How To Make Brownie Ice Cream Sandwiches
I love bar cookies because they are a one, maybe two-bowl, dessert that require no fussy shaping or cutting.
Going with the theme of enhancing store-bought ingredients, I made brownie ice cream sandwiches.
Instead of baking this batch of brownies in the usual square pan, I pulled out a jelly roll pan, so my brownies turned out thin.
For ice cream, I used chocolate chip caramel gelato. Why did I pick that flavor?
Honestly, it was because it was on sale! Those pints were one of the fancier brands I would only buy if they had some sort of discount.
So many things go with chocolate from vanilla to nuts to berries to citrus to more chocolate.
This is where you can customize the brownie ice cream sandwiches to whatever you want.
I let the ice cream soften a bit before I spread it on one half of the brownie. Then I carefully placed the other brownie on top. It’s important to freeze the overall ice cream sandwich before cutting it.
Depending how many people you’re trying to serve, you can cut the sandwiches in different sizes.
I started with 12 rectangles and photographed them for the blog that way.
Since I like to have a little bite of dessert after dinner and I wanted the brownie ice cream sandwiches to last longer, I cut them into even smaller bite sizes and stashed them in a storage bag in the freezer.
Dress up store-bought ice cream and make brownie ice cream sandwiches filled with your favorite ice cream flavor like vanilla or strawberry.
1 stick unsalted butter, melted, plus more for pan
1 cup granulated sugar
2 large eggs
1/2 teaspoon sea salt
1/2 cup all-purpose flour
1/2 cup unsweetened cocoa powder
2 pints ice cream, softened
Preheat the oven to 350 degrees F. Grease a 10-inch by 15-inch jelly roll pan with butter. Line with parchment leaving a 2-inch overhang on the short sides of the pan. Butter the paper.

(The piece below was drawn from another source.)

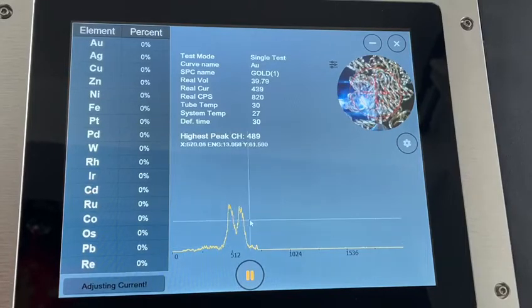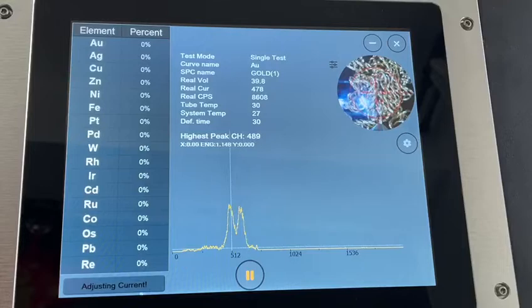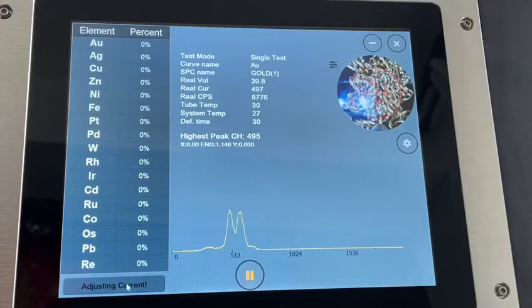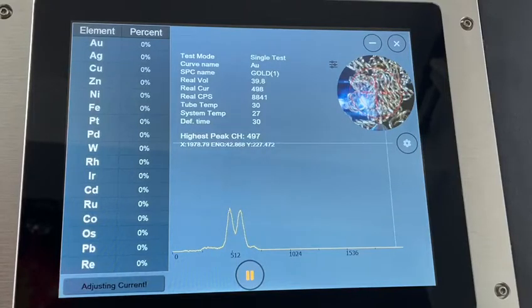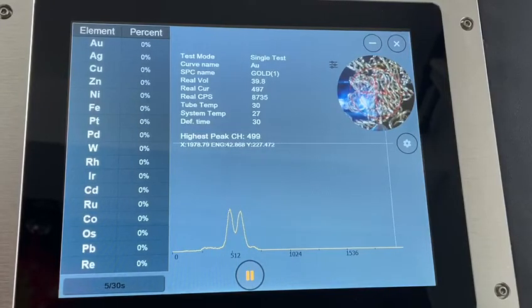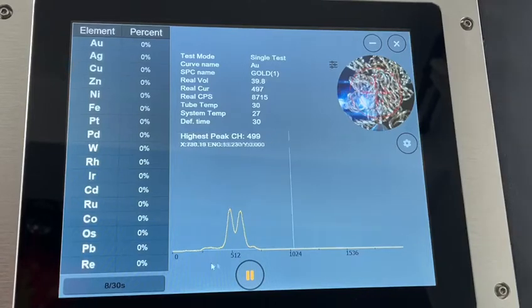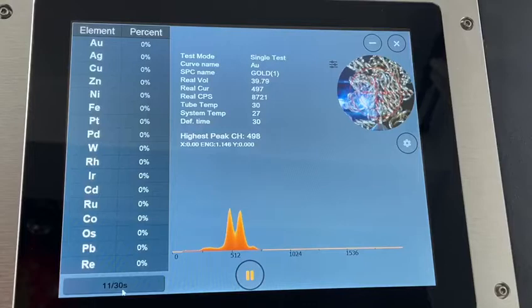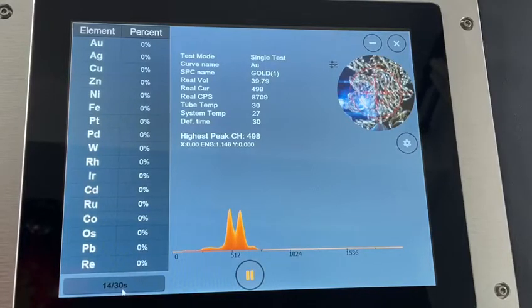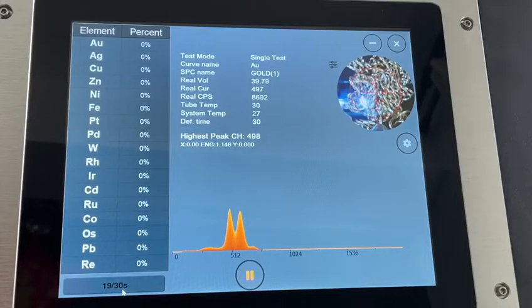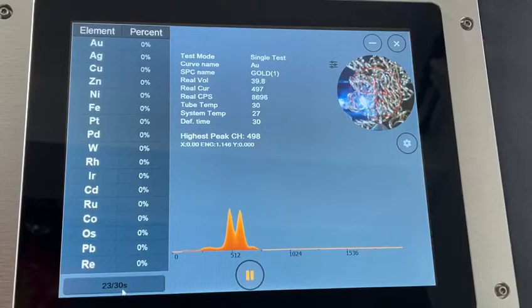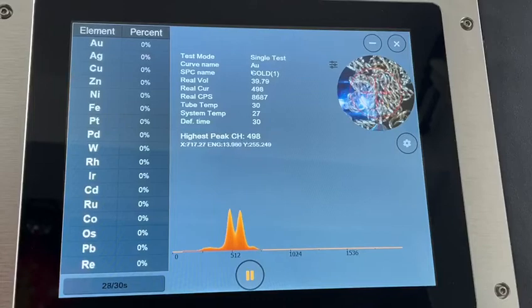You can see this peak is forming up now, and here's the testing time. You can see the sample chamber over here. Twelve seconds left, another 20 seconds to go. You can see the single test we tested.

In a large bowl, combine the butter and sugar. Beat in the eggs. Stir in the salt, flour and cocoa powder until combined. Pour the batter into the prepared pan and use a spatula to spread into an even layer. Bake for 10-12 minutes until the edges of the brownie release from the pan and it feels dry to the touch. Remove the brownie from the pan using the parchment overhang and transfer to a wire rack to cool completely.
Cut the brownie in half crosswise. Line a sheet pan with plastic wrap and place one brownie half on it. Spread on the ice cream using an offset spatula. Place the other brownie half on top. Wrap in tightly plastic wrap and freeze until firm, at least 2 hours.